Record extracts -
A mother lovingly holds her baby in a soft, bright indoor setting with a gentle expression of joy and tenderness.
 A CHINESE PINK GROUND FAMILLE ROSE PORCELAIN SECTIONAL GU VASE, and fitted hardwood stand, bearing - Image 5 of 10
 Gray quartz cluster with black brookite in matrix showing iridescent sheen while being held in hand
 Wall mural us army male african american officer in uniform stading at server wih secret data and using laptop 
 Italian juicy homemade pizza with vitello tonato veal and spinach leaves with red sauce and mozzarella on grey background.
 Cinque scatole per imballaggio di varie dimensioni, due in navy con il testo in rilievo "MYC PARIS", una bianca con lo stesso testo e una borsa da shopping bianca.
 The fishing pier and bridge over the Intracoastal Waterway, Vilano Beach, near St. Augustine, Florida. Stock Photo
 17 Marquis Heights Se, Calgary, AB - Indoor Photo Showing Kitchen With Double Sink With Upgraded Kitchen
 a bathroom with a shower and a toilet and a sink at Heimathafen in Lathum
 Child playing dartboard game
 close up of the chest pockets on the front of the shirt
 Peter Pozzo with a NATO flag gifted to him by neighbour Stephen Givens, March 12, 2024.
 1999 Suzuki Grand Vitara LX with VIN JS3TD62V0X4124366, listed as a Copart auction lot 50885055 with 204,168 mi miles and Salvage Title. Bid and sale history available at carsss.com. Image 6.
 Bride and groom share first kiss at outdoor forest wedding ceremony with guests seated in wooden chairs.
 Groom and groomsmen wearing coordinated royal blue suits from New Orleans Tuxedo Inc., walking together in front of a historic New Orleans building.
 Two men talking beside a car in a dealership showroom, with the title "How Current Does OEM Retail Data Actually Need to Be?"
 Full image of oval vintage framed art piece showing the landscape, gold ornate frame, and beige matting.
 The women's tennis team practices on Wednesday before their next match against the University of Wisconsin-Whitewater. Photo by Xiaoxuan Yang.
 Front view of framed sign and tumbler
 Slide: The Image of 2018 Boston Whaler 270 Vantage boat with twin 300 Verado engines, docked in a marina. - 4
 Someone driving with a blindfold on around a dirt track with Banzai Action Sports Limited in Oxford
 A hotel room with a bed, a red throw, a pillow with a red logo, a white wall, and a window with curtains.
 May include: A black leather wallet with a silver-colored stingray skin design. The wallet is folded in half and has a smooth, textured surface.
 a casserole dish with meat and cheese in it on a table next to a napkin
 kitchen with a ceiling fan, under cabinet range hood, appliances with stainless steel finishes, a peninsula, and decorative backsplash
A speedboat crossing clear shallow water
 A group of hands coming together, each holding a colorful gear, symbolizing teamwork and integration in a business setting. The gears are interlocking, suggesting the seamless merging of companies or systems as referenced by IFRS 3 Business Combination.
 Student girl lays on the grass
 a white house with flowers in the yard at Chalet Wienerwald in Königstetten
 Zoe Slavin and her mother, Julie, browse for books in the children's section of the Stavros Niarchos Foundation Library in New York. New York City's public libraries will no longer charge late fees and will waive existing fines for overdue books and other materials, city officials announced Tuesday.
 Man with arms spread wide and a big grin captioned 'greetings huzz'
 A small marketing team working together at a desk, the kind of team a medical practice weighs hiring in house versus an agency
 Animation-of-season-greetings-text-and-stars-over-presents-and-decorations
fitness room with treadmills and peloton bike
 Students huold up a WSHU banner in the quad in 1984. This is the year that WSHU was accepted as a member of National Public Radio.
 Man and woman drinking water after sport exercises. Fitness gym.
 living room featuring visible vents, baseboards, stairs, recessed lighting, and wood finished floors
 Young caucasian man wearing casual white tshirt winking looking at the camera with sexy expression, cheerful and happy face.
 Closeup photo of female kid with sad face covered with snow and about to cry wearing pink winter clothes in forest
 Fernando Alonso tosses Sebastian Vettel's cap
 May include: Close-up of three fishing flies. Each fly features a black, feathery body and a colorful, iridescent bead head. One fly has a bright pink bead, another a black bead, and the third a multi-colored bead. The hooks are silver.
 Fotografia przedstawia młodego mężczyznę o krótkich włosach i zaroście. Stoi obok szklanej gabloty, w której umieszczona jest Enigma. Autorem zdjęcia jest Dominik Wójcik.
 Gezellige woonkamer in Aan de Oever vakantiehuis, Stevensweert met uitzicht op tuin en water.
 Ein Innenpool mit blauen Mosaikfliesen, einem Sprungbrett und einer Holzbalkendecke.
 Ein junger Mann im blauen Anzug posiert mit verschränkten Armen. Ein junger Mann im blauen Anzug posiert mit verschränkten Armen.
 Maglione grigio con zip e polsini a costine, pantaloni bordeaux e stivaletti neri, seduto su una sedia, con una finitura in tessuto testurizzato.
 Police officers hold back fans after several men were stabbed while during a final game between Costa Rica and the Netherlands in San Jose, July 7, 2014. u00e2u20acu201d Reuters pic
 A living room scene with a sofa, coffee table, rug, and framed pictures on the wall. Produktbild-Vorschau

Assignment -
Report how many lines of the entries hold the word "after". Nothing else is needed.

Task result -
2